- Birth name: Ko Kapches
- Origin: Canadian
- Genres: Hip hop; folk; reggae; R&B; alternative rock;
- Occupations: Musician; singer-songwriter;
- Instruments: Acoustic guitar; Vocals;
- Labels: Atlantic Records, Warner Music Canada, Great Music Agency
- Website: ko-nation.com

= KO (musician) =

Canadian musician (born c. 1986)

Ko Kapches (born c. 1986), better known by the stage name KO (/ˈkoʊ/ KOH-'), is a Canadian musician whose music is a mix of folk, hip hop, reggae, rock and R&B —a sound which KO refers to as "urban-funk and urban-folk".

==Early life and musical career==
KO was born into a middle class Greek family in Toronto; his mother was a curator for the Royal Ontario Museum and his father a real estate lawyer. Raised in the Toronto neighbourhood of Riverdale, KO grew up in a musical environment; "we always had guitars around," KO said in an interview. "I even went for guitar lessons, but after two or three lessons my teacher told me that my hands were too small and that I would never be a guitar player. I never went back."

While staying with friends involved in hip hop, he began to experiment with recording guitar over drum beats and eventually laid some tracks in a recording studio. His parents recognized that KO was becoming serious about his music and helped to connect him with someone in the music business. By 2006 he was signed by Atlantic Records New York, along with their Canadian affiliate Warner Music Canada later that same year.

In 2019 he started working with manager Ivan Albery Powell and Great Music Agency. He released the hit song Leaving California and a video for Rise Up later that same year.
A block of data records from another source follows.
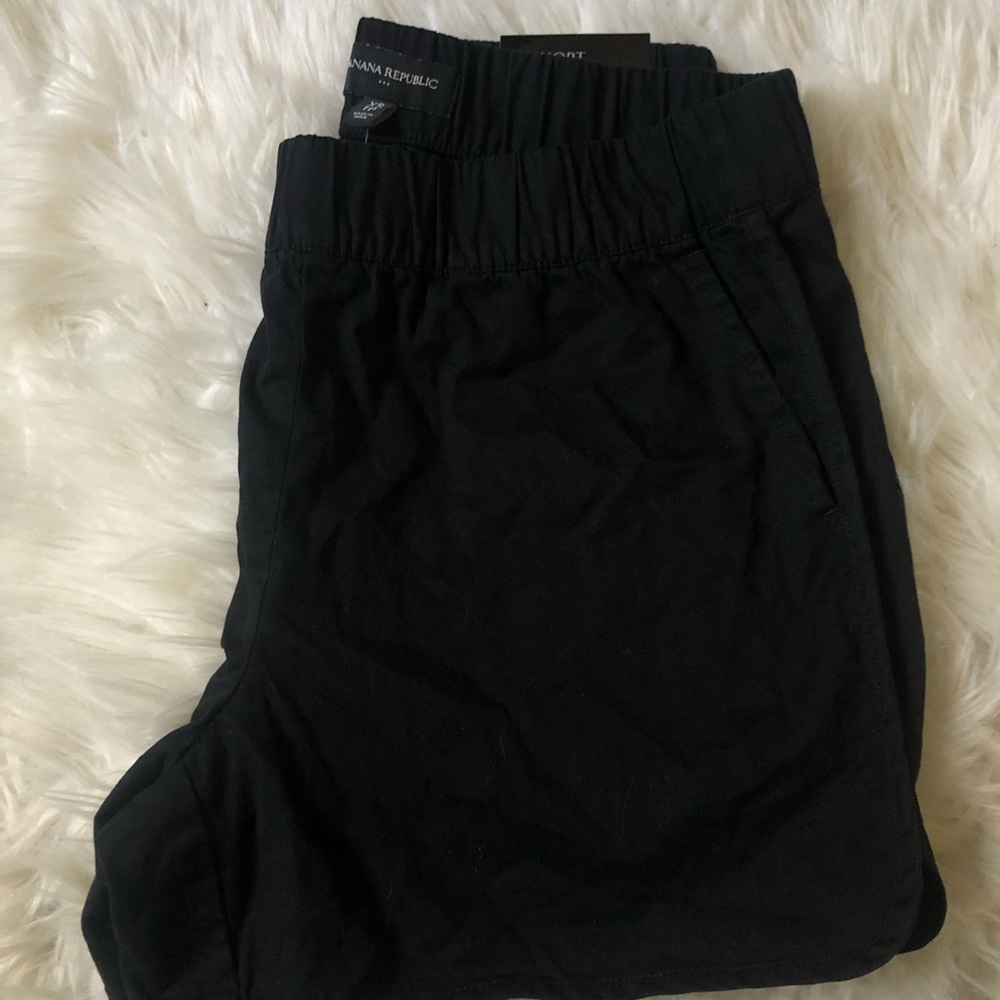 NWT - Banana republic 4 inch pull on short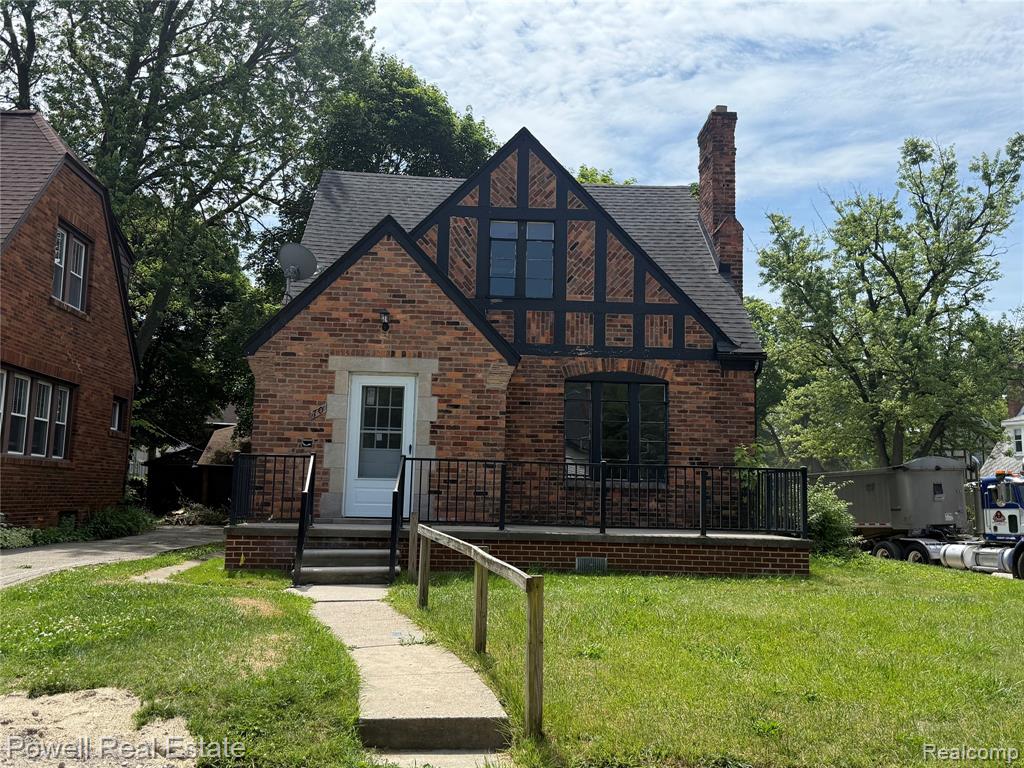 70 Mohawk Road Pontiac, MI 48341 - Photo 1 of 24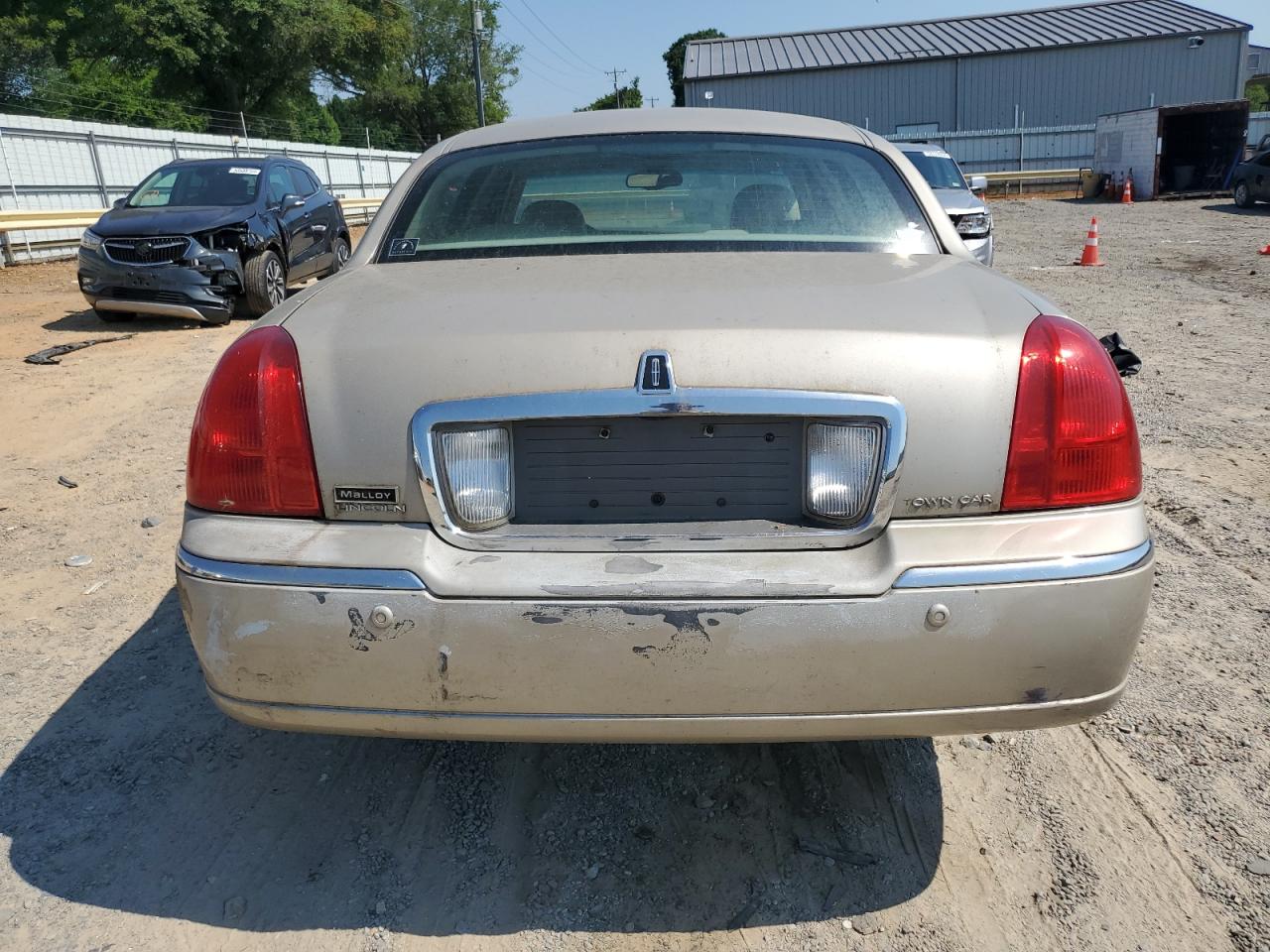 1LNHM81W15Y626007 2005 Lincoln Town Car Signature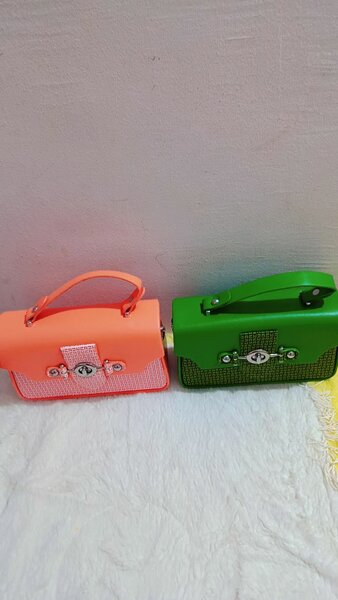 Sacs à main colorés élégants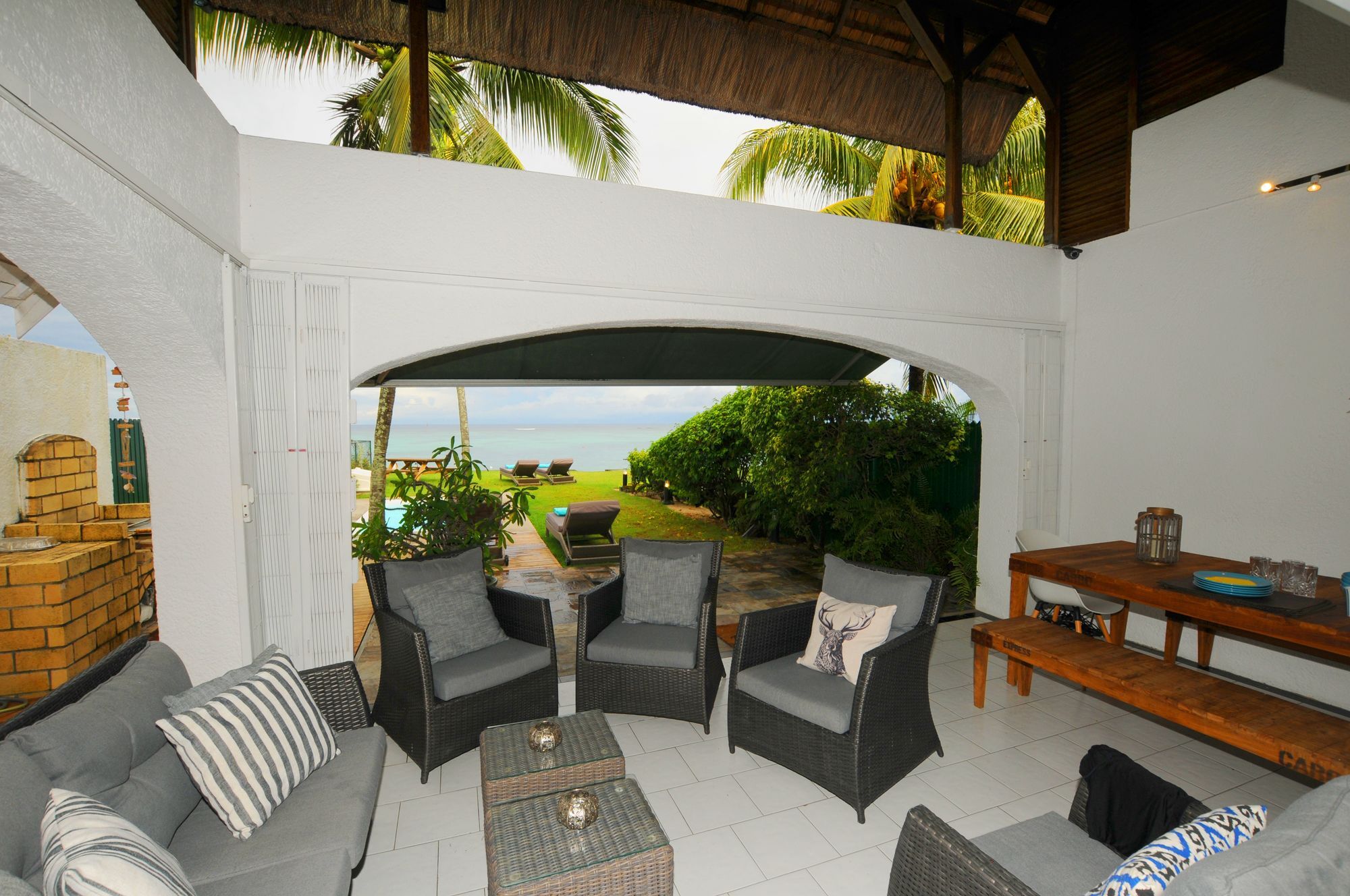 Caro'S Beachfront Тру-о-Биш Экстерьер фото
==Musical style and influences==
KO's musical style borrows elements from hip hop, folk, rock, R&B and reggae. His songs mainly feature vocals and acoustic guitar played over hip hop beats and his sound has been compared to that of musician Everlast. Although he experimented with rapping early in his music career, he has stated in an interview that he wasn't impressed by his own rapping ability and has focused his vocal efforts on singing.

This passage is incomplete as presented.